Monday, Jun. 01, 1959
Changes of the Week
P: Harold S. Geneen, 49, resigned as executive vice president of Raytheon Co. to become president and chief executive officer of International Telephone & Telegraph Corp., succeeding Edmond H.
Leavey, who will serve as chairman until his retirement in July. Geneen's resignation came as a surprise to Raytheon President Charles Francis Adams and a shock to Wall Street. Geneen simply walked into Adams' office and announced: "I'm resigning." Company insiders say Geneen wanted Adams' spot as chief executive, realized that Adams was not about to yield. Geneen's resignation sent Raytheon's stock down 6 1/2 points, touching off a wave of selling of other electronic issues. Reason: in his three years with Raytheon, Geneen, who came from a top post at Jones & Laughlin Steel Corp.. helped reorganize Raytheon so effectively (TIME, June 23) that earnings rose to $3.08 per share last year from 45-c- per share in 1956. At I. T. & T. (1958 sales: $635 million) Geneen will be given full sway to build the company's profits, broaden its consumer and industrial electronic business.
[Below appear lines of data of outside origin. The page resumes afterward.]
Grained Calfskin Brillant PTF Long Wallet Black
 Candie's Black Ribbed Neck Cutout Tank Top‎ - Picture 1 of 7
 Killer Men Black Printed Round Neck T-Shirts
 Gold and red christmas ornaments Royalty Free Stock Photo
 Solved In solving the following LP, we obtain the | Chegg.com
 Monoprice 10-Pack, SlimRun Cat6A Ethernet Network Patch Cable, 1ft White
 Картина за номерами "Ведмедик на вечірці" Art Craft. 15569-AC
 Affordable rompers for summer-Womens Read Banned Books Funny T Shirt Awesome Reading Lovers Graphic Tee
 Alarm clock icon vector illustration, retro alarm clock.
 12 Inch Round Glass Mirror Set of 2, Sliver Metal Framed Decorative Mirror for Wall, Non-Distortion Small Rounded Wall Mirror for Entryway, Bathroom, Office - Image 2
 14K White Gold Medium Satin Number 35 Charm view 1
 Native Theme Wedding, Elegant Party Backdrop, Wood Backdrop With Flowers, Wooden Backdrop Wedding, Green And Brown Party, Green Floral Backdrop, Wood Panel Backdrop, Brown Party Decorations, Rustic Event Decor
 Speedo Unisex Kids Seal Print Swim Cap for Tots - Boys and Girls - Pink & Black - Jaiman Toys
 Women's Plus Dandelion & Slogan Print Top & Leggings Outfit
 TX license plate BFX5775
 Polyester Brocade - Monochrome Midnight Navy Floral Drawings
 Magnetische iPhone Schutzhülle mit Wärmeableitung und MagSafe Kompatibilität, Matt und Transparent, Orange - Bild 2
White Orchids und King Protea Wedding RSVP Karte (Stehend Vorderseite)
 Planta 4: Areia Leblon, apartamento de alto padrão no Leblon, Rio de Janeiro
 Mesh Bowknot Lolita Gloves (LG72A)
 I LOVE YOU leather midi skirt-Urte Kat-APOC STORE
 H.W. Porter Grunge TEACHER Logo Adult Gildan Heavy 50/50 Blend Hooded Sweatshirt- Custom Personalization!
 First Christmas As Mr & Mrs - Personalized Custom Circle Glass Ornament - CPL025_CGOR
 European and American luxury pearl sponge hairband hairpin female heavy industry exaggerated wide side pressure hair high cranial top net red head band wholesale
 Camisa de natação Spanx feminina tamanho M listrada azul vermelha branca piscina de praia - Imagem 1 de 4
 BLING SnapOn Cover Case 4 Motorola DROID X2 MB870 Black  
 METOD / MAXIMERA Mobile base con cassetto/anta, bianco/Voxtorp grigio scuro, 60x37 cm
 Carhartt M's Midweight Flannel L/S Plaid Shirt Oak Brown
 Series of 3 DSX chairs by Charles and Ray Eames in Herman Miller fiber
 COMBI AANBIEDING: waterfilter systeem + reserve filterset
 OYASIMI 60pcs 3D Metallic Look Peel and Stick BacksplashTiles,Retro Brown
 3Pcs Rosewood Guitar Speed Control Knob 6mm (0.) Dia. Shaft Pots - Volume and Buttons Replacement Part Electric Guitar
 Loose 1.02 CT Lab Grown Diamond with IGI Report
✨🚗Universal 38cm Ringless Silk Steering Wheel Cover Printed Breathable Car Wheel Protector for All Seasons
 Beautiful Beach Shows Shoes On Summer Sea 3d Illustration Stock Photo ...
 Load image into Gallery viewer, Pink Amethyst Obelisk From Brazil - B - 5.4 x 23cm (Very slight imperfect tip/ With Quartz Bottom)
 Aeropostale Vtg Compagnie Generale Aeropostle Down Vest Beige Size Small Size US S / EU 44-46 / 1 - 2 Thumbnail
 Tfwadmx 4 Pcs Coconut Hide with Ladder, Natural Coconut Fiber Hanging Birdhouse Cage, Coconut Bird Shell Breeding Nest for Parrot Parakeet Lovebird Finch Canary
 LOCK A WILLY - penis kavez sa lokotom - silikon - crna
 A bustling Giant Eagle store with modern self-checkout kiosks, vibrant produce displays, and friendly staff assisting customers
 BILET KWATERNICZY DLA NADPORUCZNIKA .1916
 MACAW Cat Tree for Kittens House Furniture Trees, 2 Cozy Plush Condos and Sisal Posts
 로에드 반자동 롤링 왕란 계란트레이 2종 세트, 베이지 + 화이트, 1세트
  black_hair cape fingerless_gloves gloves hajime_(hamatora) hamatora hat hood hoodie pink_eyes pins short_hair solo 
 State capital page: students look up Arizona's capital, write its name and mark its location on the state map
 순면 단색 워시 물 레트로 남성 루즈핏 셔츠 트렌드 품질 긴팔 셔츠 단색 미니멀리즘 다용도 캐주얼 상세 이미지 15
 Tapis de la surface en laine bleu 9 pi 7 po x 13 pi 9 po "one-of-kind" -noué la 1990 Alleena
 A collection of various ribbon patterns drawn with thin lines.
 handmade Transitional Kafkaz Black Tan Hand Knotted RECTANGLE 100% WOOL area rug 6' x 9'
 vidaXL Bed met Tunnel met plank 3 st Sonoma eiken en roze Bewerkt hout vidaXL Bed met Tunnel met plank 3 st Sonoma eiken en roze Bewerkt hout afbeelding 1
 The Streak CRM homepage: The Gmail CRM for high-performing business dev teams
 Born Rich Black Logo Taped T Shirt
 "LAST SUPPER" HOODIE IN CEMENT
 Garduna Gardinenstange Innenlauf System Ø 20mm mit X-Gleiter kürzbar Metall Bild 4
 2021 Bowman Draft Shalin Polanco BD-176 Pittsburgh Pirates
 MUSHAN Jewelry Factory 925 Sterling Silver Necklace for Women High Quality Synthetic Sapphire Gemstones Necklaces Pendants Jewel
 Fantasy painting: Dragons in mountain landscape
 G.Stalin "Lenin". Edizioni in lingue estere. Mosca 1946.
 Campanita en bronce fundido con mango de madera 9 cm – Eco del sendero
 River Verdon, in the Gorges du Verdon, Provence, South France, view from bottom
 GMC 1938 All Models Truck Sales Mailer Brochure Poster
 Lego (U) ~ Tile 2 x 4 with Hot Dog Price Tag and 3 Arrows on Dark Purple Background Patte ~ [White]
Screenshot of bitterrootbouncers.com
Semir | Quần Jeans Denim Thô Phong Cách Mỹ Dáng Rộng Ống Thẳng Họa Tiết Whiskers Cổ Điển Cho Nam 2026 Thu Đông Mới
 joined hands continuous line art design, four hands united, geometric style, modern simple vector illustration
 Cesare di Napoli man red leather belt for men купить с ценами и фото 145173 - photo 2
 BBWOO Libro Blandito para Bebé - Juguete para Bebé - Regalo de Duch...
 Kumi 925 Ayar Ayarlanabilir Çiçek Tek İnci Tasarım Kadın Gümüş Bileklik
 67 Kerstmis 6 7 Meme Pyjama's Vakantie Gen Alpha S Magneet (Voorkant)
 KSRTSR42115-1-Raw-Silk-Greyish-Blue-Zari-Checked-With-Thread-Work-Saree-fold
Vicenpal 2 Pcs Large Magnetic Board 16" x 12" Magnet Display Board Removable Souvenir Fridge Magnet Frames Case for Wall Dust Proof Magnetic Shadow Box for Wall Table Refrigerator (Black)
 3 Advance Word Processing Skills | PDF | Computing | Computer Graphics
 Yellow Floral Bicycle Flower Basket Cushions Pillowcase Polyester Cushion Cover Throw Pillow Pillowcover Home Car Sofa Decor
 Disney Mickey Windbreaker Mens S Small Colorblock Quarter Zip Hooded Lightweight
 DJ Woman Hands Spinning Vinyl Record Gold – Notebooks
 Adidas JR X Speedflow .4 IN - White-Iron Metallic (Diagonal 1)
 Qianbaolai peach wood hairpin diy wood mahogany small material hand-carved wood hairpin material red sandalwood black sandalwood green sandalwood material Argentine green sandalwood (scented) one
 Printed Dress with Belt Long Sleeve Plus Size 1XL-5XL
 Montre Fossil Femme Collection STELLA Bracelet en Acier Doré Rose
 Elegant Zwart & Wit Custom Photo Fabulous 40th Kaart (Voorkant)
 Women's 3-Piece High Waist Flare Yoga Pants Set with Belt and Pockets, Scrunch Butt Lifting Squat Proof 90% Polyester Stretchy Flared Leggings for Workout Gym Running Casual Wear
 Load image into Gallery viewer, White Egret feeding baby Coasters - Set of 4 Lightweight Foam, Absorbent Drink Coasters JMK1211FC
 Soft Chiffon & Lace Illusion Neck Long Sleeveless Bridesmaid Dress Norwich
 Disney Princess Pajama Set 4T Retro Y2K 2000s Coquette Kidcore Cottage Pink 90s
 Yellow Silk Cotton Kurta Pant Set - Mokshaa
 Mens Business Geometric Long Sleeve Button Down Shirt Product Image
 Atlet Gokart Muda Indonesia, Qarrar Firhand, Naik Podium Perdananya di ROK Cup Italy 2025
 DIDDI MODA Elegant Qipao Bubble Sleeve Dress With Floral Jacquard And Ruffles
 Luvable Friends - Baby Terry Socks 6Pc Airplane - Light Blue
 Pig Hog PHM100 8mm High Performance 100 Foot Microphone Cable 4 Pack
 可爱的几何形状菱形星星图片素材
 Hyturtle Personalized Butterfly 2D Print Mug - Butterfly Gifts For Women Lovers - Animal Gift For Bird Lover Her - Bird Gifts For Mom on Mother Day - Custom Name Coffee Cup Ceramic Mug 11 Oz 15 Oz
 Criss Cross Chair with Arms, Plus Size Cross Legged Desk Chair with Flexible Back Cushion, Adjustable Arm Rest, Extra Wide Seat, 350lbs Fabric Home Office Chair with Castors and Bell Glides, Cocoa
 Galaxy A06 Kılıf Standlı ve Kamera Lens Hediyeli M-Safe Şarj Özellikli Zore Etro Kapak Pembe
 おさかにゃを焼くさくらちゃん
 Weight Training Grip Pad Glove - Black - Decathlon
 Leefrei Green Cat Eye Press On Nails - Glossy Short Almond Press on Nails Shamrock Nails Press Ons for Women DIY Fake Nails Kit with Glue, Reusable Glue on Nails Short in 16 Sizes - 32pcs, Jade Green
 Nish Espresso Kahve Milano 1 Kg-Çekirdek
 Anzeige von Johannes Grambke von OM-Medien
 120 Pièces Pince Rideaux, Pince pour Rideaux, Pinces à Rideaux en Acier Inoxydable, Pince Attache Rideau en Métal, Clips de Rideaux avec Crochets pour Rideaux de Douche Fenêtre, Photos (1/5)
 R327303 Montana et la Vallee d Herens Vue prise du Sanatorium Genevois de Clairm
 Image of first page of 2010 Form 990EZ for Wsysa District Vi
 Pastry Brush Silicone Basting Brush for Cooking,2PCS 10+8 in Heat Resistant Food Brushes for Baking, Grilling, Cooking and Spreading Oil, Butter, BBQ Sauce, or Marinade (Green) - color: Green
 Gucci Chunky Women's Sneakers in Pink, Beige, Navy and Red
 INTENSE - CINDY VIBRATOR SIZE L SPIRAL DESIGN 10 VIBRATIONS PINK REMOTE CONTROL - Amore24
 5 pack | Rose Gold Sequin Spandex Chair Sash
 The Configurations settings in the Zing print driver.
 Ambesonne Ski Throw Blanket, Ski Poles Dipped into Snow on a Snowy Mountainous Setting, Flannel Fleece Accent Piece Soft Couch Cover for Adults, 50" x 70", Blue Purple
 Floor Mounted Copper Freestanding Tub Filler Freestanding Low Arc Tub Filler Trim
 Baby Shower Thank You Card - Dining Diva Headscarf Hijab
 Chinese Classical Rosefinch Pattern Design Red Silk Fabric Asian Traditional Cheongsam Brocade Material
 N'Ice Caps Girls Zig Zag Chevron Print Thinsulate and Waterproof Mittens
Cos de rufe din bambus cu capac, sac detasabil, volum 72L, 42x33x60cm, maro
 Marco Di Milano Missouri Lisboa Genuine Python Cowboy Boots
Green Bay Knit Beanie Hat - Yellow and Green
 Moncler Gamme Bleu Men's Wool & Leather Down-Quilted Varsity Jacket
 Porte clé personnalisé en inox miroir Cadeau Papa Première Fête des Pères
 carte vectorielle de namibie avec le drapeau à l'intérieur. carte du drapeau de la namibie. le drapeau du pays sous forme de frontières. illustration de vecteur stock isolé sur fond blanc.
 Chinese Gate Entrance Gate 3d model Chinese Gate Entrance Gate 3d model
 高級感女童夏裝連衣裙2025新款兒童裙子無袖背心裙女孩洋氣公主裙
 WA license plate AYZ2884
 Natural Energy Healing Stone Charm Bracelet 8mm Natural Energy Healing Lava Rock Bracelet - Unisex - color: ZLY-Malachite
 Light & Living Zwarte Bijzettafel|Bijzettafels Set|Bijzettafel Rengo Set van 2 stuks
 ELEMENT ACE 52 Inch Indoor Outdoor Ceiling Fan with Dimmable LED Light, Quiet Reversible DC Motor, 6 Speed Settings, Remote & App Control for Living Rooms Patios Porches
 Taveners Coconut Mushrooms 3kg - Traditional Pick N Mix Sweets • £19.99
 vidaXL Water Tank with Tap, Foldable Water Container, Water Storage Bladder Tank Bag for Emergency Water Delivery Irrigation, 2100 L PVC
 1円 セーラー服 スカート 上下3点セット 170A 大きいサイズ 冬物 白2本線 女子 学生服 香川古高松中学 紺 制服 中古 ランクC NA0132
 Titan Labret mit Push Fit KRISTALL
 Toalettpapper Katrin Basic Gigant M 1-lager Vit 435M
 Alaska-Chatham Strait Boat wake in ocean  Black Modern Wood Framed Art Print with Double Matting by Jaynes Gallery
P: Sheik Abdullah Tariki, 40, and Sheik Hafiz Wahba, 69, were elected directors of the Arabian American Oil Co., first Saudi Arabians to go on the board. Aramco had agreed five years ago to add Saudis to the board, but they did not seem interested until Tariki began his campaign for more say in running the company (TIME, April 27). Tariki, who holds a master's degree in oil engineering from the University of Texas, has steadily campaigned for a bigger cut in Aramco's profits. He wants to force it to become an integrated company in hopes of extending Saudi control over its output, even though most oilmen know that the big profits in oil are from producing, not from refining and marketing. Aramco also announced the election of Thomas Barger, 49, who was vice president and assistant to the president before, as president to succeed Norman Hardy, who was named board chairman. P: Avard E. Fuller. 42, was named president and chief executive officer of Fuller Brush Co., to succeed his older brother. Alfred Howard Fuller, 46, who was killed in a sports-car accident. Born in Hartford, Conn., home of Fuller Brush, Avard Fuller started out to be an aeronautical engineer, decided in 1937 to join his father's company. He has been a door-to-door brush salesman but is best known for innovations in brushmaking machinery. Stout, balding Avard Fuller is a yachtsman (48-ft. ocean racing yawl) and a sports-car fan.